Je dois d’abord relever une erreur qui lui est échappée dans la fixation de l’augmentation du budget des travaux publics pour 1841. Il a dit qu’une somme de 2,500,000 francs était demandée en plus ; l’honorable membre a perdu de vue que depuis deux mois j’ai proposé une réduction de 620,000 francs qui a été adoptée et qui figure parmi les réductions de la section centrale. L’augmentation n’est donc pas de 2,500,000 fracs, mais de 1,900,000 francs. Si l’on voulait décomposer cette somme de 1,900,000 francs, on verrait que toutes les dépenses qu’elle comprend sont des dépenses utiles et même indispensables.

Les 1,900 mille francs renferment d’abord une dépense de 660 mille francs pour l’accroissement que va prendre l’exploitation du chemin de fer pendant l’exercice de 1841. Du même chef, vous voyons figurer au budget des voies et moyens que vous avez voté, une augmentation de 1,200 francs. Si vous ne voulez pas accorder au budget des dépenses les 650 mille francs demandés pour accroître l’exploitation du chemin de fer, retranchez aussi du budget des voies et moyens les 1,200 mille francs qui doivent être le produit de l’accroissement d’exploitation. Ceci n’est pas une dépense proprement dite, c’est une avance faite pour obtenir une recette double.

Reste donc une somme de 1,200 mille que je puis décomposer de la même manière en établissant que les dépenses qui vont en résulter sont aussi des dépenses utiles. Ainsi, pour ne parler que d’un intérêt auquel le préopinant s’attache de préférence et presque exclusivement, je dirai que dans cette somme de 1,200 mille francs, figure 800 mille francs destinés à favoriser les intérêts agricoles ; car à quoi sont-ils employés ? A l’amélioration des rivières de première et de seconde classe et à la création de nouvelles routes. Que peut-on réclamer de plus utile et de plus opportun pour l’amélioration de l’agriculture, que des routes et des canaux ? C’est la base et presque l’unique base de toutes les améliorations.

Ainsi donc les intérêts que l’honorable préopinant a pris sur lui de défendre presque exclusivement ne sont nullement perdus de vue par le budget. C’est pour leur donner satisfaction que le budget des travaux publics présente cette année une augmentation.

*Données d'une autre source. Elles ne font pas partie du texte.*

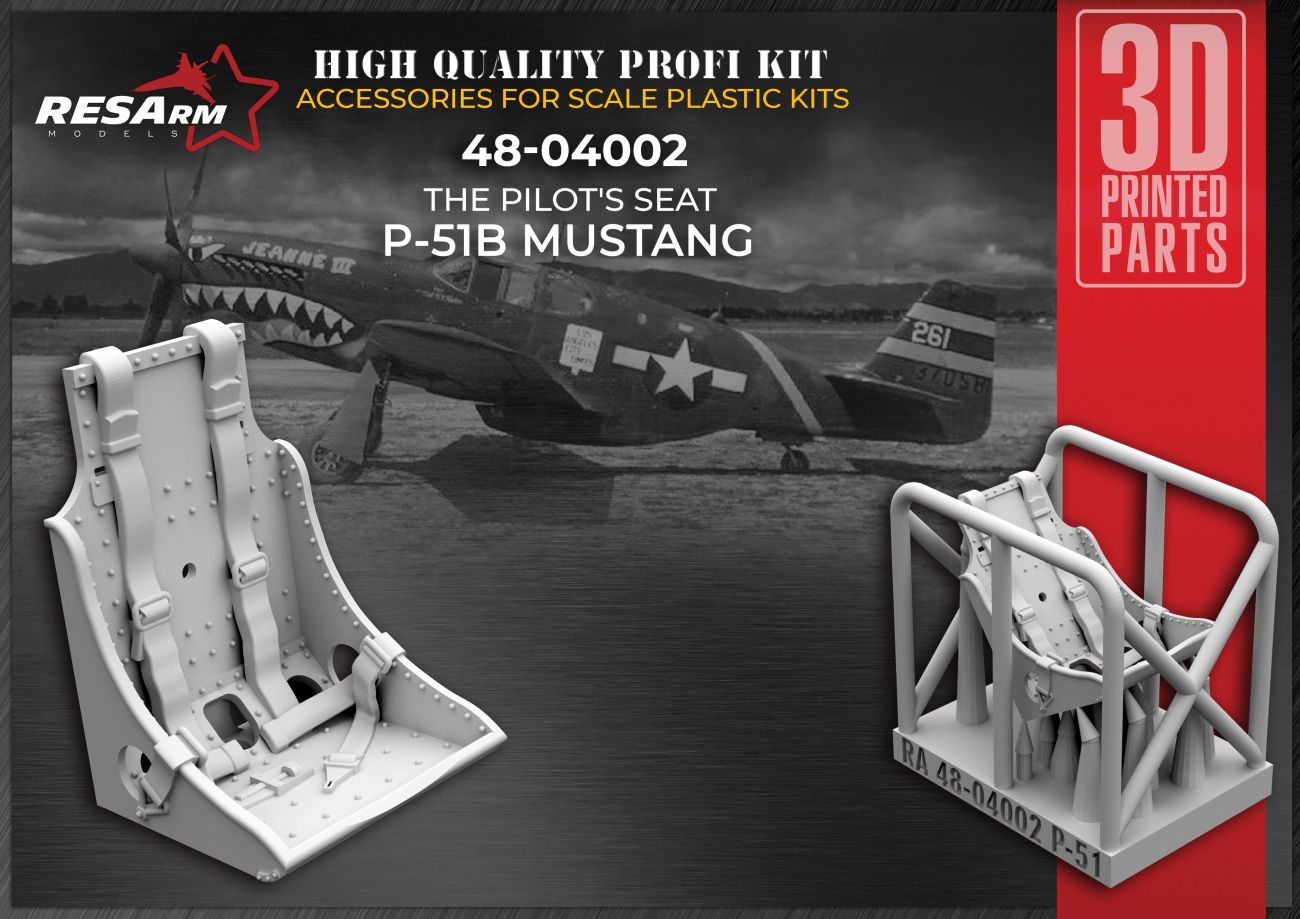 1:48 P-51 B/C Mustang - Pilot's seat.1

D’ailleurs pour en finir avec les dépenses du budget des travaux publics, je dirai que ce budget se distingue des autres en ce que les dépenses qu’il consacre, sont des dépenses reproductives, de telle manière que si on laissait le département des travaux publics maître des recettes qu’il produit, il n’aurait pas besoin de recourir à la législature pour demander des allocations de crédit ; au contraire, il pourrait encore, après avoir assuré tous ses services, verser dans le trésor public un excédant considérable.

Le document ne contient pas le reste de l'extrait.